(Records drawn from a dataset)
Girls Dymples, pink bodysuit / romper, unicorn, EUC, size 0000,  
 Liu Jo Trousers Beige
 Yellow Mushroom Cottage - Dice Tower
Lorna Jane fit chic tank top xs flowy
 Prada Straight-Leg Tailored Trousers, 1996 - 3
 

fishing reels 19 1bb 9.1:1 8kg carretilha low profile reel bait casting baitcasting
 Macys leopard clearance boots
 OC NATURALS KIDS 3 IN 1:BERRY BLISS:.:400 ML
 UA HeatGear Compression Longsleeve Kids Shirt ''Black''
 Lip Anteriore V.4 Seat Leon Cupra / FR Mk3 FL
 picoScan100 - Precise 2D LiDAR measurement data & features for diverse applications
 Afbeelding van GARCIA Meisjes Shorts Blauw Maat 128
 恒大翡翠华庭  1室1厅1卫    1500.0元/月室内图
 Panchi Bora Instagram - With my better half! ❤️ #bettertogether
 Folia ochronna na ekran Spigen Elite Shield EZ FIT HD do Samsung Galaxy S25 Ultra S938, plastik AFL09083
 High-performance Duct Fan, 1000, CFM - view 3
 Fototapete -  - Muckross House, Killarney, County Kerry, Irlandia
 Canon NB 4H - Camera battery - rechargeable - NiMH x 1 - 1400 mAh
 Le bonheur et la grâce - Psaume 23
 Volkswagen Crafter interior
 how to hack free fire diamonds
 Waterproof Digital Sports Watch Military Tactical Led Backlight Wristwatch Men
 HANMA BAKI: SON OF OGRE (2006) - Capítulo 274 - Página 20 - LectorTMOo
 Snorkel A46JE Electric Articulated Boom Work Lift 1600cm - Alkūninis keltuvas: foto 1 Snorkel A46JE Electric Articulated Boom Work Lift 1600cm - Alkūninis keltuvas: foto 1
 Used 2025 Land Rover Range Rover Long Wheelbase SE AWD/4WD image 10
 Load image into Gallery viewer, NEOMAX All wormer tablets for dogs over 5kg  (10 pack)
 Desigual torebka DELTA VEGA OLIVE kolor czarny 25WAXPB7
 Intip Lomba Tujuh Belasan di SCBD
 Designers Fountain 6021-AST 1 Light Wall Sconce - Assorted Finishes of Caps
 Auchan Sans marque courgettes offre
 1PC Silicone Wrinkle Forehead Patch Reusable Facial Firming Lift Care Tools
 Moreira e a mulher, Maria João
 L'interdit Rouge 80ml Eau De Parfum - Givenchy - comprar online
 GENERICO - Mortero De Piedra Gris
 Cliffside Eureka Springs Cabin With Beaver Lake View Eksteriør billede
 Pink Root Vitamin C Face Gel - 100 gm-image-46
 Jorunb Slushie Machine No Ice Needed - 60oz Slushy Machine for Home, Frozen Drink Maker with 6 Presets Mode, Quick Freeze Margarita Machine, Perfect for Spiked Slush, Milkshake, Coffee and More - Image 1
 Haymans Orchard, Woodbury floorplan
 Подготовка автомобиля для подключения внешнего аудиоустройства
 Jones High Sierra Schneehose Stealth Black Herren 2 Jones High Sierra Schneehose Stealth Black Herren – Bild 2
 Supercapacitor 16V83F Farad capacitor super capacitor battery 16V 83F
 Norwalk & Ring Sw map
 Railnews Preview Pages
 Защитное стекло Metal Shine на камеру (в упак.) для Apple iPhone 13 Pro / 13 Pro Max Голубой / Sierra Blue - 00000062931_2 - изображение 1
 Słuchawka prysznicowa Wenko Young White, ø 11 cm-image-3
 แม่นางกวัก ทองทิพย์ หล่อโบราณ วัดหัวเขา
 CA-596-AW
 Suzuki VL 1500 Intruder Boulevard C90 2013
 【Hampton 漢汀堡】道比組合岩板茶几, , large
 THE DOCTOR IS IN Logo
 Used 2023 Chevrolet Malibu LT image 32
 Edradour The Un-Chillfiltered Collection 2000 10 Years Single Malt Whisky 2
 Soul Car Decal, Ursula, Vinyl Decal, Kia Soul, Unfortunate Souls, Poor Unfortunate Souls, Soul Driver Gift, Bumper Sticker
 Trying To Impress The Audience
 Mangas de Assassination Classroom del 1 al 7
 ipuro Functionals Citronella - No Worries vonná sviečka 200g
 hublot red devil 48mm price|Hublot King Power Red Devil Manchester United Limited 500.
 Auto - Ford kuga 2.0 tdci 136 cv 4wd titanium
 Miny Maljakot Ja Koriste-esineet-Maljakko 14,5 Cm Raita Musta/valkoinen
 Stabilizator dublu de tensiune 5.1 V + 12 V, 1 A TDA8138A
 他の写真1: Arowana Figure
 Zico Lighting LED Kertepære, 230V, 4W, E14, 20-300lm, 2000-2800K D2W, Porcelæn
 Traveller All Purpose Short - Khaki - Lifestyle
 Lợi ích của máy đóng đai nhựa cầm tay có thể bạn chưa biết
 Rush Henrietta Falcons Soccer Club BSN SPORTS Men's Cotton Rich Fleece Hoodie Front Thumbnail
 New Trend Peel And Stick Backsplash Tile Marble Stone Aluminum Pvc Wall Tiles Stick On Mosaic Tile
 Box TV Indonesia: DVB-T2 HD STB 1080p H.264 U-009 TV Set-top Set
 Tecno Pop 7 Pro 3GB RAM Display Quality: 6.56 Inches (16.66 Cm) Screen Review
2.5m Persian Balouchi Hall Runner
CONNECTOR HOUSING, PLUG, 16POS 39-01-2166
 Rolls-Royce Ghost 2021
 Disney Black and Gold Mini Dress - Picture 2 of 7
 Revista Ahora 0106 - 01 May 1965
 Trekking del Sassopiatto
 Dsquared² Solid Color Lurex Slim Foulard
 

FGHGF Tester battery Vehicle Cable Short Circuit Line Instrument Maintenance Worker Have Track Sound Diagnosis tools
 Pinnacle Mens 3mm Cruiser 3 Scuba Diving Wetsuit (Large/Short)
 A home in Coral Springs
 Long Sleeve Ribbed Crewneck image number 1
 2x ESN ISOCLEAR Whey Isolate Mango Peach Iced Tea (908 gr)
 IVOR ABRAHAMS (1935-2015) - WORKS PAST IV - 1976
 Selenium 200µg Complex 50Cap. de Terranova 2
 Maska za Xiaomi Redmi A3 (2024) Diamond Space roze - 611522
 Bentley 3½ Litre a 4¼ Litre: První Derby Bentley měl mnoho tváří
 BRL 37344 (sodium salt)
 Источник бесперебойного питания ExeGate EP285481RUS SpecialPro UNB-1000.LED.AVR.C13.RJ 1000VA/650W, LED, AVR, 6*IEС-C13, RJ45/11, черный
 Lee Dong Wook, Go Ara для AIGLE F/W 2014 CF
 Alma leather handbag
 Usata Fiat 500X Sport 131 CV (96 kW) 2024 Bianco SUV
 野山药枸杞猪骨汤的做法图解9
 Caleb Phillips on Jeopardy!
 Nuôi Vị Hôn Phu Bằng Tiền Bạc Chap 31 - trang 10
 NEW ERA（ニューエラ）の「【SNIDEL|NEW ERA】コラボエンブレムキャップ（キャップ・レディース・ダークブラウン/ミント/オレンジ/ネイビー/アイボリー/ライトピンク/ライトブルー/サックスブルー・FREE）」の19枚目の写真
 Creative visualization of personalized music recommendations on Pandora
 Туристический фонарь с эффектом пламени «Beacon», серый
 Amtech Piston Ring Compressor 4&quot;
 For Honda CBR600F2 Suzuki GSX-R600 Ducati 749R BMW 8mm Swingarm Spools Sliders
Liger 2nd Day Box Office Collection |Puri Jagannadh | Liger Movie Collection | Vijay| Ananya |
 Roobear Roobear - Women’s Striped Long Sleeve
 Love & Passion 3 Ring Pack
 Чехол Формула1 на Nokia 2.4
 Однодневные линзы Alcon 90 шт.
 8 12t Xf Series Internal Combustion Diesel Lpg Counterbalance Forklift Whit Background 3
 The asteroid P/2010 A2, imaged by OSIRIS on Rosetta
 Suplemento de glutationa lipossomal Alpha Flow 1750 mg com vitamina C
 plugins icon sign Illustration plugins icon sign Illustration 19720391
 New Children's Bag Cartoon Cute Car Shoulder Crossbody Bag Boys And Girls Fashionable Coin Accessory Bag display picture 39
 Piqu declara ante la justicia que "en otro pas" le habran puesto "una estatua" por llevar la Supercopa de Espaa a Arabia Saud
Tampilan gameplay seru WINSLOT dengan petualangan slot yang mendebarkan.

### Brief
Copy out the lines above exactly, beginning at the one that contains "Macys leopard clearance boots" and ending at the one that contains "GENERICO - Mortero De Piedra Gris".

### Response area
 Macys leopard clearance boots
 OC NATURALS KIDS 3 IN 1:BERRY BLISS:.:400 ML
 UA HeatGear Compression Longsleeve Kids Shirt ''Black''
 Lip Anteriore V.4 Seat Leon Cupra / FR Mk3 FL
 picoScan100 - Precise 2D LiDAR measurement data & features for diverse applications
 Afbeelding van GARCIA Meisjes Shorts Blauw Maat 128
 恒大翡翠华庭  1室1厅1卫    1500.0元/月室内图
 Panchi Bora Instagram - With my better half! ❤️ #bettertogether
 Folia ochronna na ekran Spigen Elite Shield EZ FIT HD do Samsung Galaxy S25 Ultra S938, plastik AFL09083
 High-performance Duct Fan, 1000, CFM - view 3
 Fototapete -  - Muckross House, Killarney, County Kerry, Irlandia
 Canon NB 4H - Camera battery - rechargeable - NiMH x 1 - 1400 mAh
 Le bonheur et la grâce - Psaume 23
 Volkswagen Crafter interior
 how to hack free fire diamonds
 Waterproof Digital Sports Watch Military Tactical Led Backlight Wristwatch Men
 HANMA BAKI: SON OF OGRE (2006) - Capítulo 274 - Página 20 - LectorTMOo
 Snorkel A46JE Electric Articulated Boom Work Lift 1600cm - Alkūninis keltuvas: foto 1 Snorkel A46JE Electric Articulated Boom Work Lift 1600cm - Alkūninis keltuvas: foto 1
 Used 2025 Land Rover Range Rover Long Wheelbase SE AWD/4WD image 10
 Load image into Gallery viewer, NEOMAX All wormer tablets for dogs over 5kg  (10 pack)
 Desigual torebka DELTA VEGA OLIVE kolor czarny 25WAXPB7
 Intip Lomba Tujuh Belasan di SCBD
 Designers Fountain 6021-AST 1 Light Wall Sconce - Assorted Finishes of Caps
 Auchan Sans marque courgettes offre
 1PC Silicone Wrinkle Forehead Patch Reusable Facial Firming Lift Care Tools
 Moreira e a mulher, Maria João
 L'interdit Rouge 80ml Eau De Parfum - Givenchy - comprar online
 GENERICO - Mortero De Piedra Gris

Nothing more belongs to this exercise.